Finally – all these homemade systems suffer from the concept of lack of “usability”. Usability relates to the evaluation of human-technological interfaces to assess how easy a technology is to use. It evaluates efficacy – i.e. does the technology work when used properly – and it evaluates satisfaction – i.e. did the user find the technology easy to use. Even a good idea – an ingenious idea – that is difficult or unsatisfying to use (like home made IAP monitoring systems) will never find its way into routine practice – regardless of outcomes data since humans will simply not adopt the idea because of lack of “usability”. The point here is that due some of the usability issues surrounding homemade IAP monitoring, very few medical institutions have adopted it routinely as a screening and monitoring tool that is used early and often to ensure diagnosis of mild IAH before it progresses – resulting in frequent delays is diagnosis or complete failures to diagnose intra-abdominal hypertension.
Discussion related in homemade kit use by hospitalists - click here
Femoral Vein Pressure as correlate to IAP
Occasionally an article appears that mentions femoral CVP as an accurate correlate for IAP. This concept has undergone rigorous investigation by a multinational, multicenter trial which was published in 2011. [31, 32] The authors found a large variation in the femoral CVP compared to bladder pressure and concluded: "Femoral Venous pressure cannot be used as a reliable surrogate measure of IAP." They do suggest that anyone with an high femoral CVP should have IAP monitored however, because though the correlation is not accurate enough to predict definite IAH, it is suggestive and concerning.
Commercially
available intra-abdominal pressure monitoring devices
In an effort to
simplify and standardize bladder pressure measurement manufacturers
have developed systems that are simple and easy to use, allowing
frequent data acquisition so early interventions can be implemented.

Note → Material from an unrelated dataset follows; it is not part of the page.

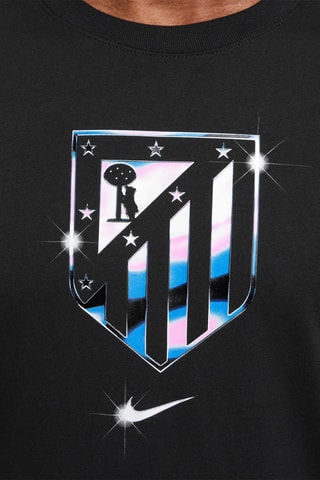 Camiseta - Negro - Nike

Anyone who is sophisticated enough and interested enough in
the topic to have accessed this web site should recognized the need
to implement a commercial product to standardize and simplify their
ICU practice of monitoring IAP.[20]
By introducing a prepackaged device you should be able to
improve compliance and increase the frequency of IAP measurements –
hopefully doing so early in the high risk patient so you can
introduce the interventions discussed on this web site (click here for intervention section). While the “cost” of materials
for a prepackaged device are more than those of homemade products,
the return on investment is seen by less nursing time invested in
measurement, higher quality data to assist in critical decision
making, and earlier detection of IAH allowing
earlier intervention to prevent ACS. Furthermore,
commercially available kits, specifically the AbViser, are the only
devices validated to provide reproducible data both for the same
nurse and for other providers (i.e. both intra and interobserver
variability is eliminated).[28, 29] All practitioner who have used
home-made systems often enough realize they can get errors in data -
sometimes at the worse possible moments when the patient is unstable
- and usually due to operator error. Finally, numerous recent studies
have noted decreased time of ventilator (and less VAP), quicker ICU
turn around, fewer surgical interventions with earlier surgical
recovery when required – all resulting in significant cost savings
that dwarf any relatively small costs of a monitoring device.[20,
24-27]
Summary:
Although
commercially available products do cost more than a home-made device
they offer several major advantages: Ease and speed of data
acquisition leading to early and frequent monitoring of IAP (i.e.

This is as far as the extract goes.